A zombie apocalypse is one thing. A volcanic eruption is quite another, for, as the journalist who does a framing voice-over narration for Brooks’ latest puts it, when Mount Rainier popped its cork, “it was the psychological aspect, the hyperbole-fueled hysteria that had ended up killing the most people.” Maybe, but the sasquatches whom the volcano displaced contributed to the statistics, too, if only out of self-defense. Brooks places the epicenter of the Bigfoot war in a high-tech hideaway populated by the kind of people you might find in a Jurassic Park franchise: the schmo who doesn’t know how to do much of anything but tries anyway, the well-intentioned bleeding heart, the know-it-all intellectual who turns out to know the wrong things, the immigrant with a tough backstory and an instinct for survival. Indeed, the novel does double duty as a survival manual, packed full of good advice—for instance, try not to get wounded, for “injury turns you from a giver to a taker.
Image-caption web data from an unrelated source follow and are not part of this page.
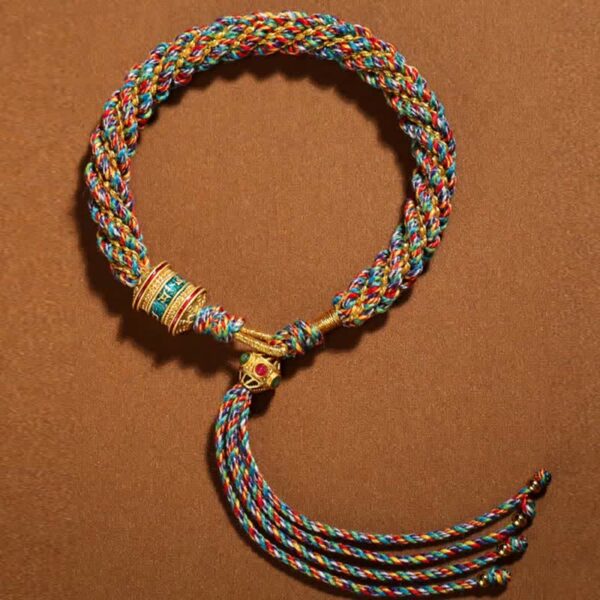 Buddha Stones Tibetan Handmade Luck Thangka Prayer Wheel Charm Weave String Bracelet - 图片 7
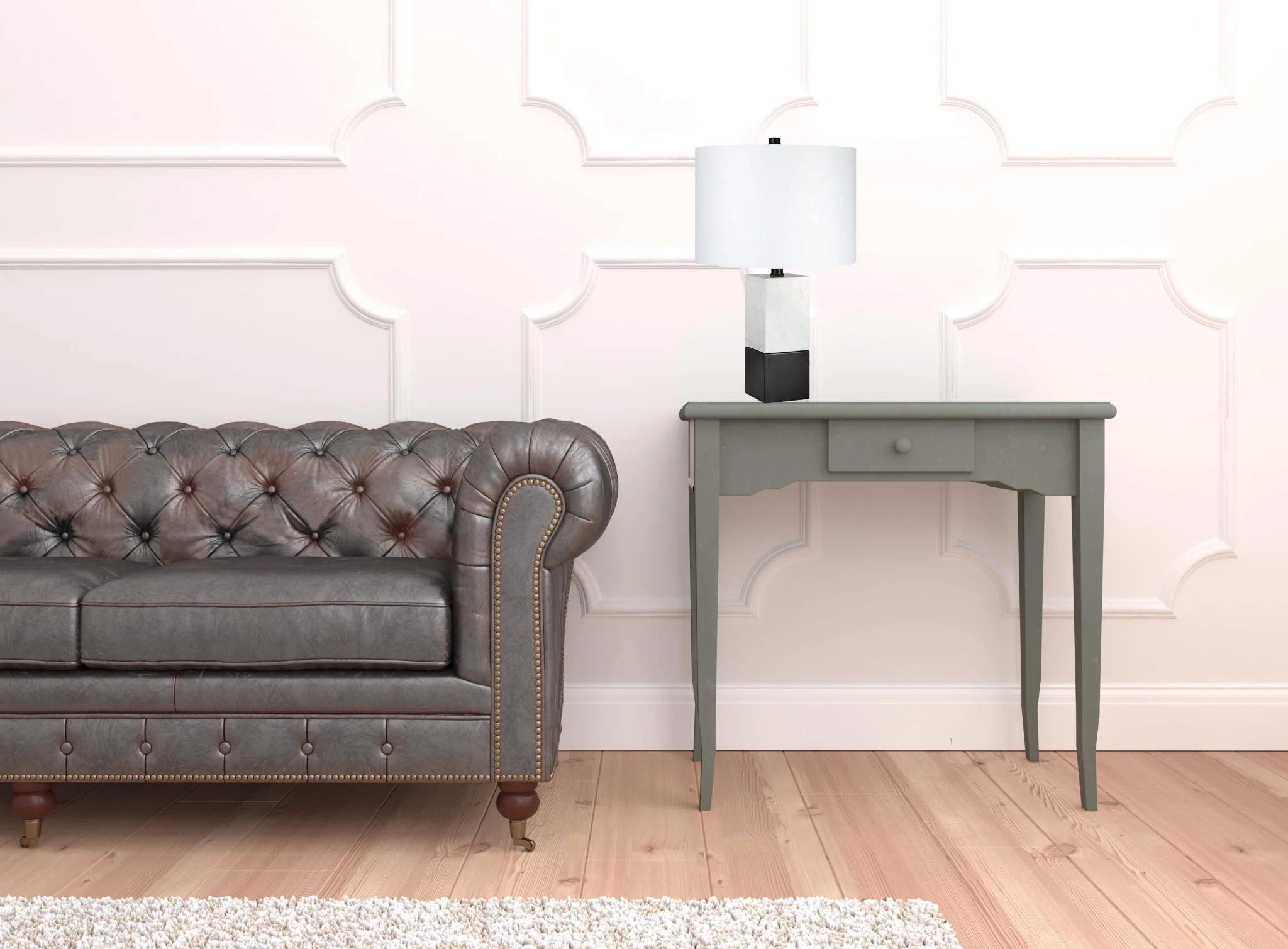 Black and White Marble Table Lamp With White Drum Shade By Homeroots - Image 2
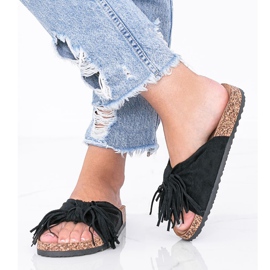 Sandales noires sur la semelle en liège Crys 1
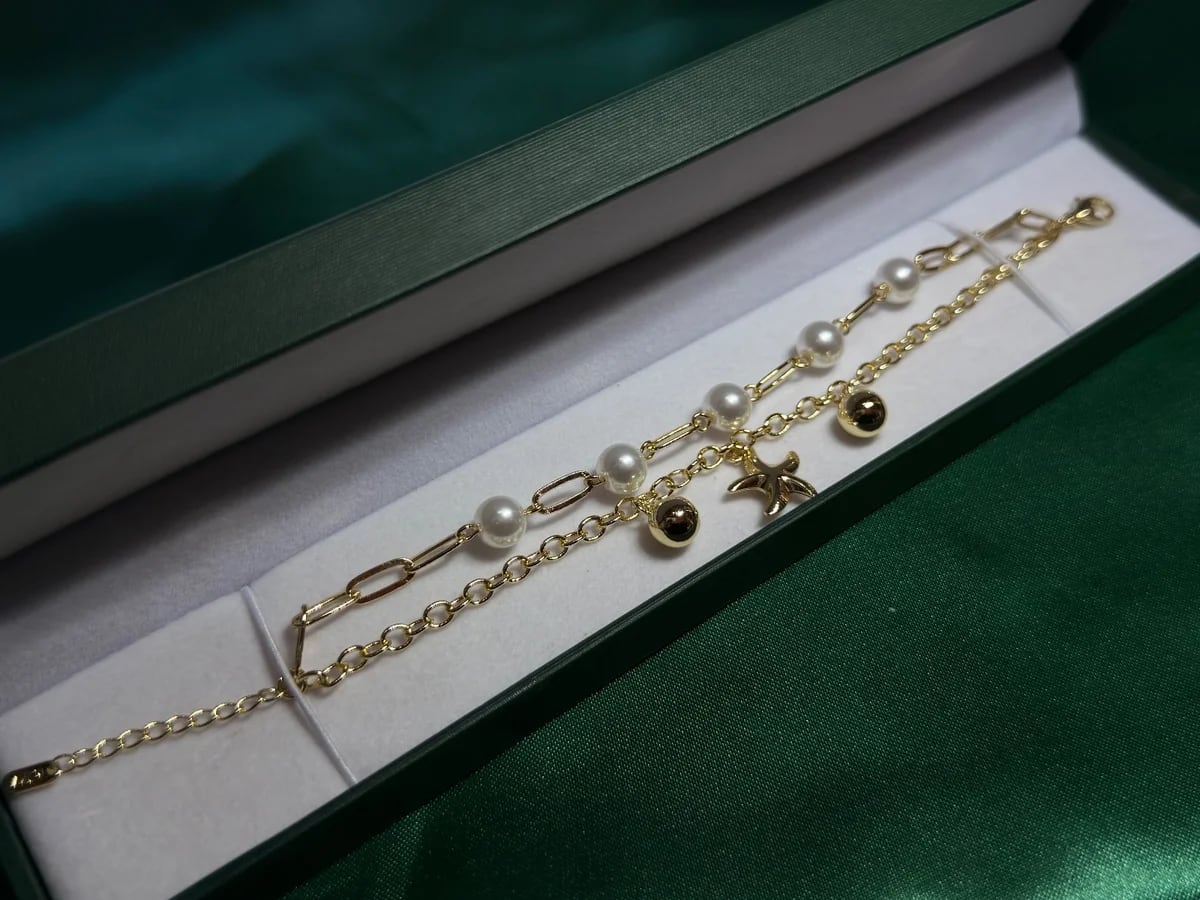 Pulsera Doble Playera en Chapa de Oro 18k con Perlas — vista 6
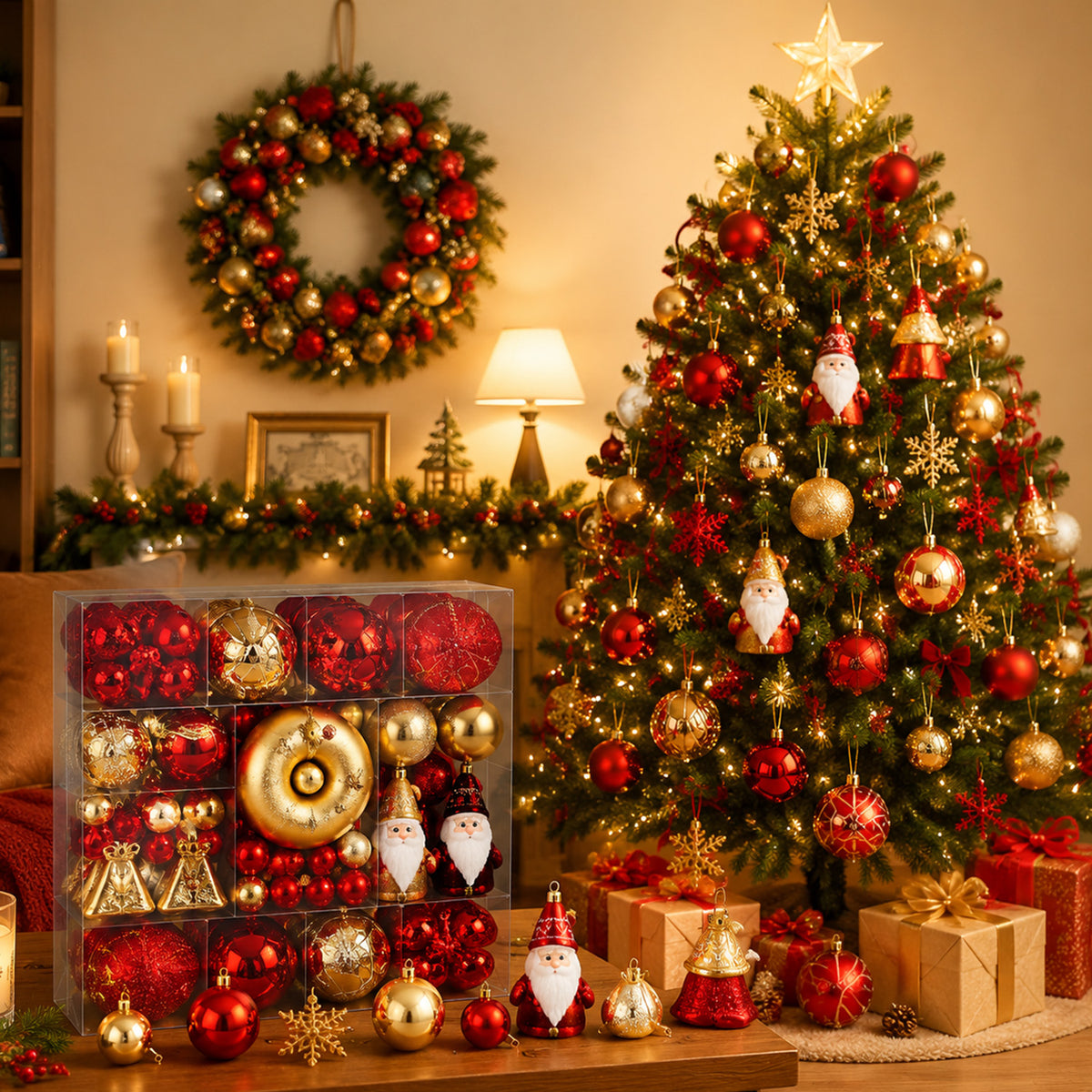 Zacro 60PCS Christmas Ornaments Set Red Gold, Shatterproof Christmas Tree Decorations Balls with Santa Snowflake Hanging Decorations, Xmas Holiday Decor for Tree Home Party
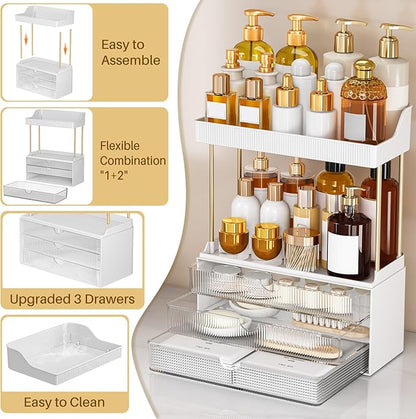 caktraie 12.2" W Makeup Organizer Drawers - 5 Tiers Bathroom Counter Organizer, Cosmetic Storage Drawer for Dresser Countertop and Bathroom Vanity for Large Skincare, Perfume, Clear
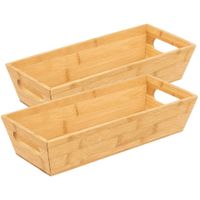 5Five Broodmand Classic Backery - 2x stuks - Bamboe - houtkleur - 33 x 14 x 7 cm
Taking up our resources, our time to care for you.” Brooks presents a case for making room for Bigfoot in the world while peppering his narrative with timely social criticism about bad behavior on the human side of the conflict: The explosion of Rainier might have been better forecast had the president not slashed the budget of the U.S. Geological Survey, leading to “immediate suspension of the National Volcano Early Warning System,” and there’s always someone around looking to monetize the natural disaster and the sasquatch-y onslaught that follows. Brooks is a pro at building suspense even if it plays out in some rather spectacularly yucky episodes, one involving a short spear that takes its name from “the sucking sound of pulling it out of the dead man’s heart and lungs.” Grossness aside, it puts you right there on the scene.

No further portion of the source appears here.